◆ **THE DATA**
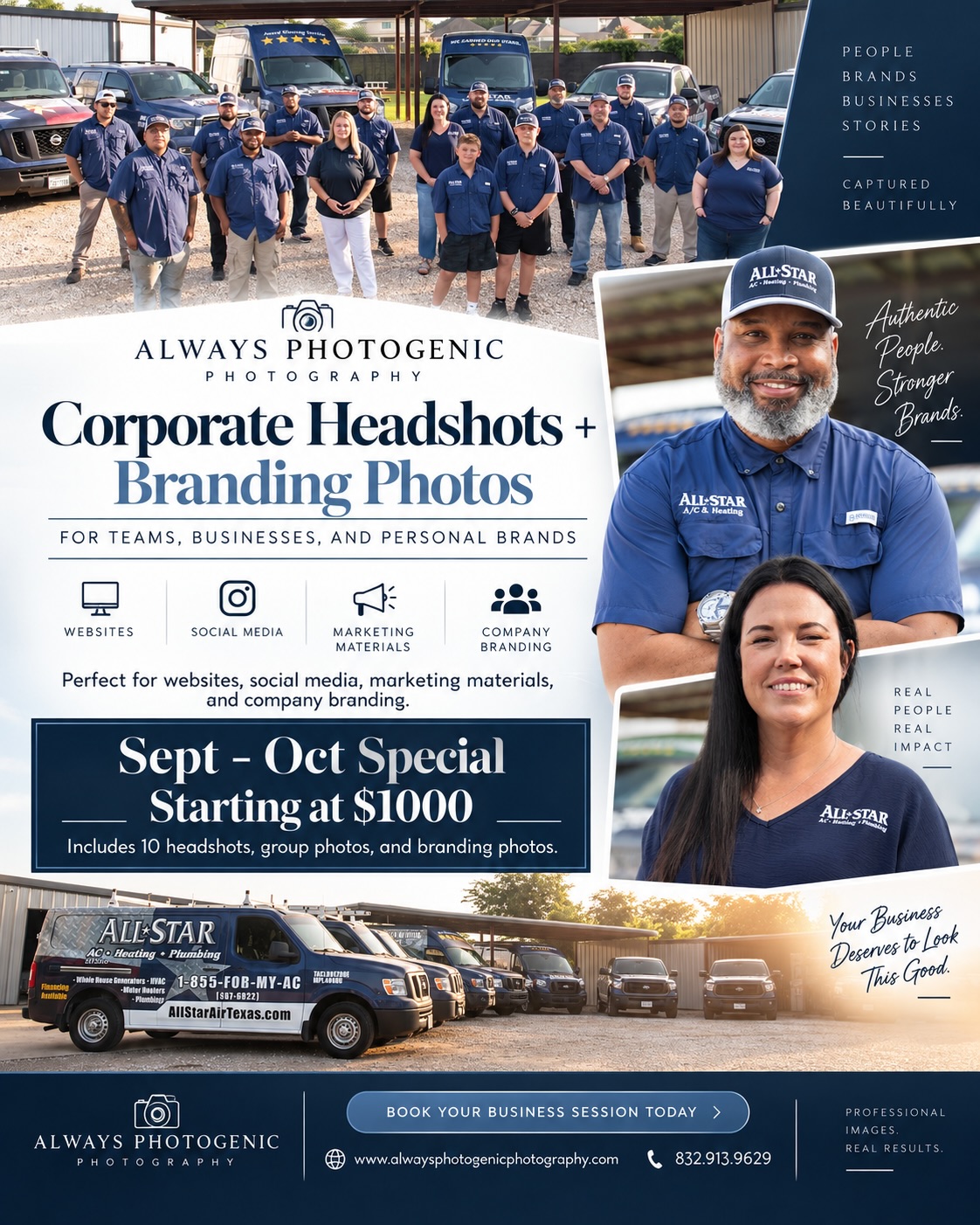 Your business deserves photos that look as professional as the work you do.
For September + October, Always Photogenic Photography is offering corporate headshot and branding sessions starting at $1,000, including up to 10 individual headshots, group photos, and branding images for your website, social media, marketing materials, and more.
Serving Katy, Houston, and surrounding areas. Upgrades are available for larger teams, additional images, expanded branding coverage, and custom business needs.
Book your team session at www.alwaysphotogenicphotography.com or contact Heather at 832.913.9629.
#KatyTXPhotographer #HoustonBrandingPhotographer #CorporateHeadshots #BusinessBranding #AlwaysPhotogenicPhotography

--

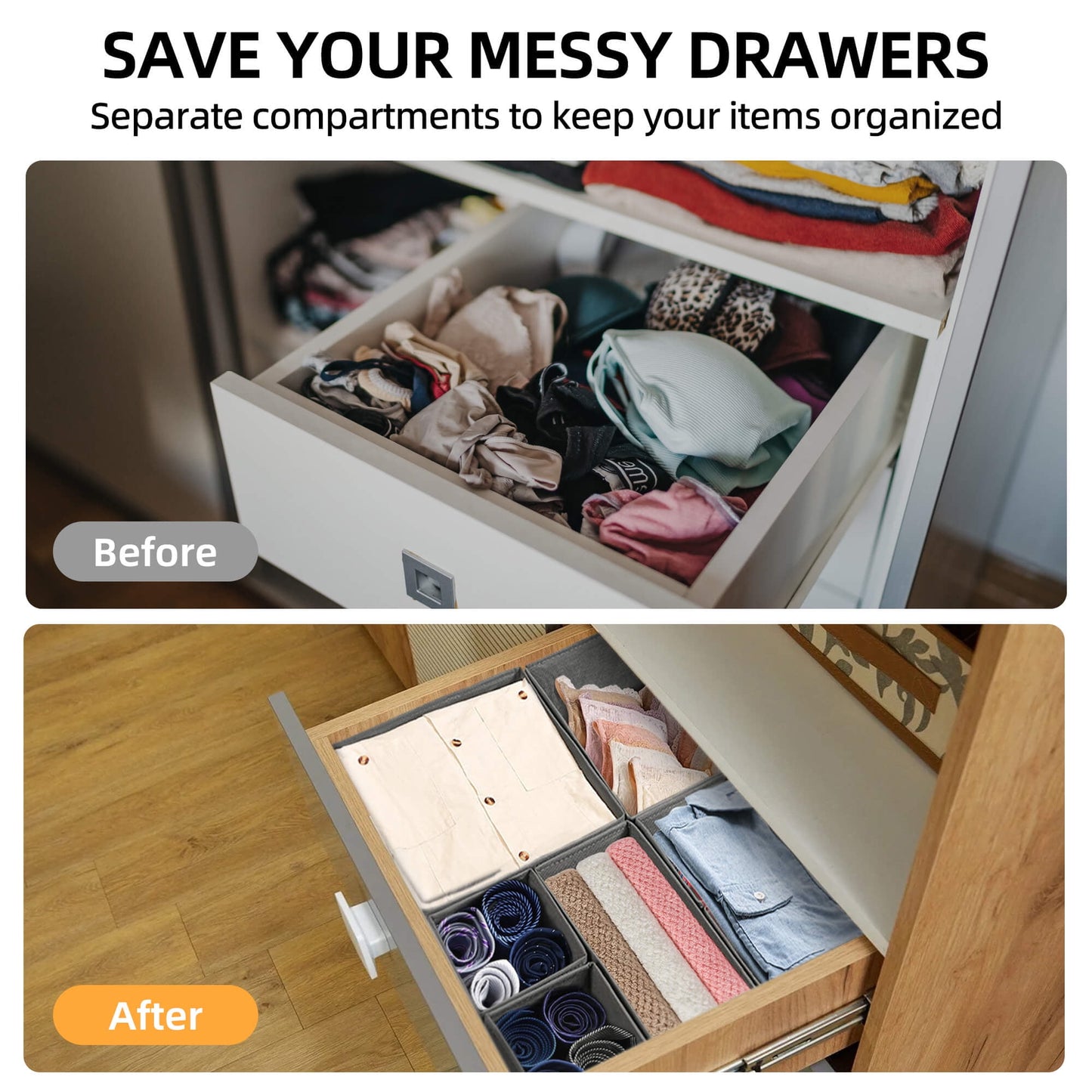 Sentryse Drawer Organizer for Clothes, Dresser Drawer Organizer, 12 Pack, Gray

◆ **WHAT TO PRODUCE**
If a line of the data contains "images", it counts; report the number of such lines and nothing else.

◆ **RESULT OF THE TASK**
2